Numerous studies have been performed to understand the behavior of CFT columns, by means of experimental and analytical approaches. O’Shea and Bridge developed design methods that can be used to estimate the strength of circular thin-walled CFT columns under different loading conditions considering small eccentricities [3]. Giakoumelis and Lam experimentally studied the strength of circular CFT columns considering steel tube thickness, concrete strength, and bonding conditions, and concluded that design codes of CFT columns underestimated the strength [4]. Zeghiche and Chaoui evaluated the effects of slenderness, load eccentricity, and compressive strength of concrete on load carrying capacity and strength of CFT columns in their study where 27 CFT columns were tested [5]. Studies considering the effects of diaphragms have also been performed because a diaphragm is generally installed to transmit efficiently the force and prevent from deformation of beam–column joint due to the applied external force [6]. Kwon et al. studied the long-term behavior of circular and rectangular CFT columns under central axial loading and concluded that diaphragm size did not affect the long-term behavior of CFT columns when diaphragm covers more than a half of the cross-sectional area of the inner concrete [7,8]. Vulcu et al. developed design approaches for steel beam-to-rectangular CFT column joints considering external diaphragms [9,10]. Zhang et al. presented seismic behavior of steel beam-to-circular CFT column assemblies with external diaphragms. They reported the ductility of CFT columns were affected by failure modes, axial loads, and constraint of steel tubes [11]. Wang and Lee investigated the behaviors of circular CFT columns considering the mixed diaphragms, and suggested the method to calculate an optimal mix of diaphragms [12]. Dong et al. proposed a bearing capacity calculation method for rectangular CFT columns with different internal construction characteristics [13]. They investigated the effects of longitudinal stiffeners, horizontal tie bars, studs, internal diaphragms, and steel reinforcement cages on the mechanical performance of CFT columns. They did not consider the size of the internal diaphragms.
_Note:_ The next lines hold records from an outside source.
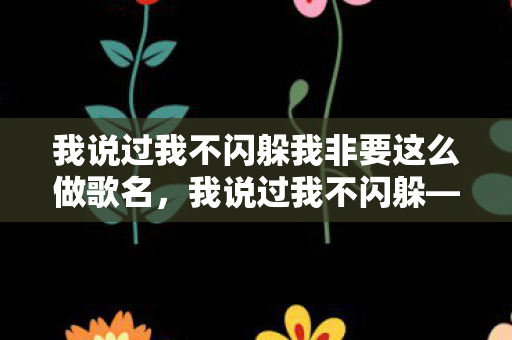 我说过我不闪躲我非要这么做歌名，我说过我不闪躲—面对挑战的勇气与坚持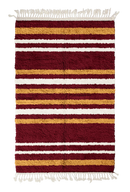 Cluster Bands striped wool rug, ochre yellow bands and cream stripes on burgundy, full view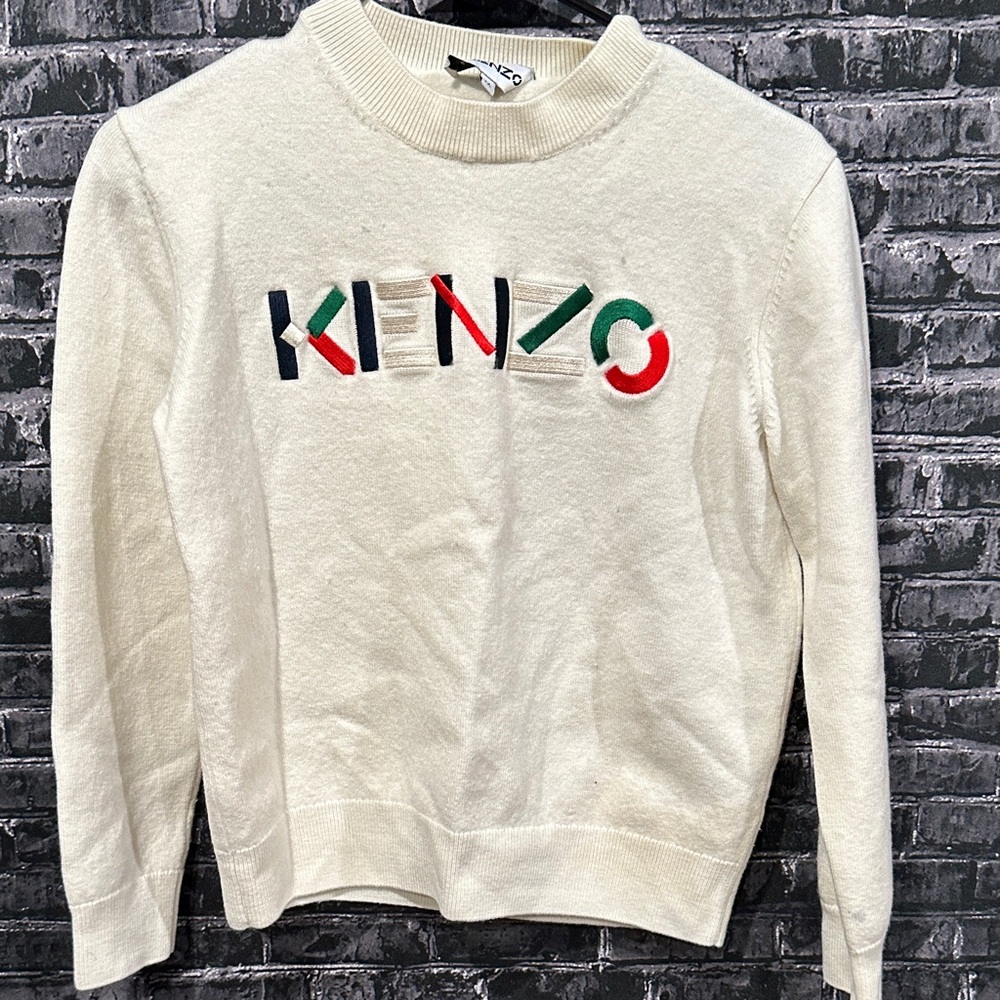 Kenzo Cream Logo Crewneck Sweater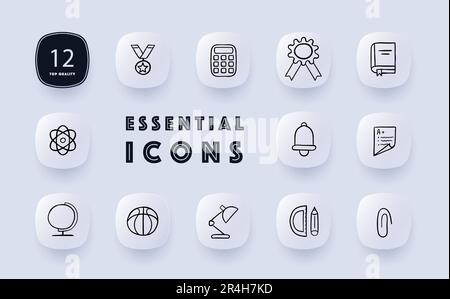 Ricerca scientifica e innovazione Icon Set. Attrezzature di laboratorio, esperimenti. Analisi dei dati. Stile neomorfismo. Icona della linea vettoriale per le aziende e gli annunci Illustrazione Vettoriale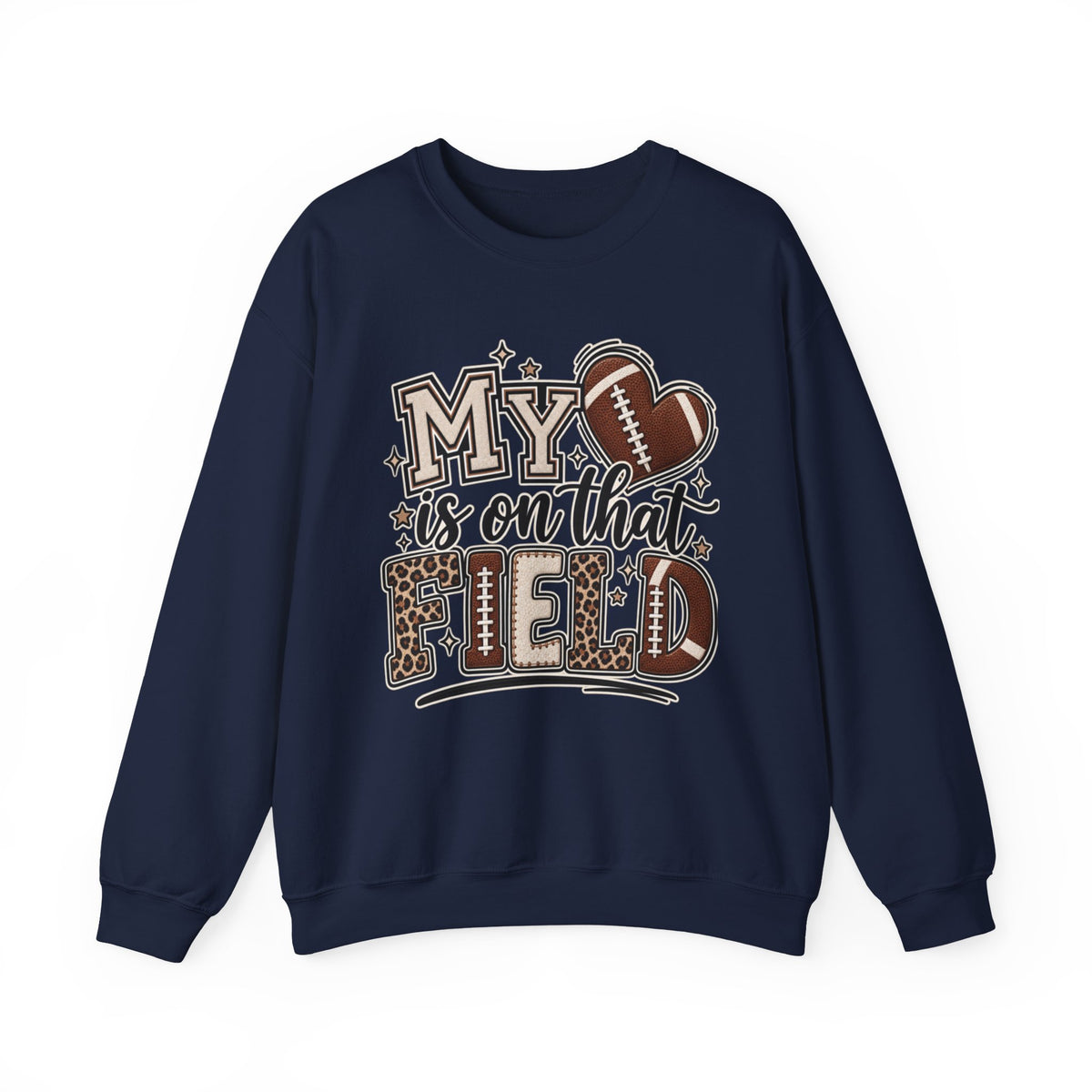 Customizable Women My Heart Is On That Field Crewneck Sweatshirt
Despite these numerous research endeavors, the behavior of CFT columns remains uncertain due to its inelastic behavior and uncertain confinement effects, especially when failure occurs. In particular, there is a hole in the middle for pouring concrete in the case of through-type or inner diaphragm, which is installed inside the CFT, and it inevitably influences the composite behavior of the steel tube and concrete and the distribution of force [14]. In addition, as the failure behavior of CFT columns can be affected by long-term deformation (i.e., creep), which causes stress redistribution between concrete and steel tube [15], the stress distribution of CFT columns is greatly affected by the size and shape of the diaphragm. Therefore, the effects of size of through-type or inner diaphragms on the behavior of CFT columns should be investigated in order to understand the behavior of the CFT columns or develop design codes.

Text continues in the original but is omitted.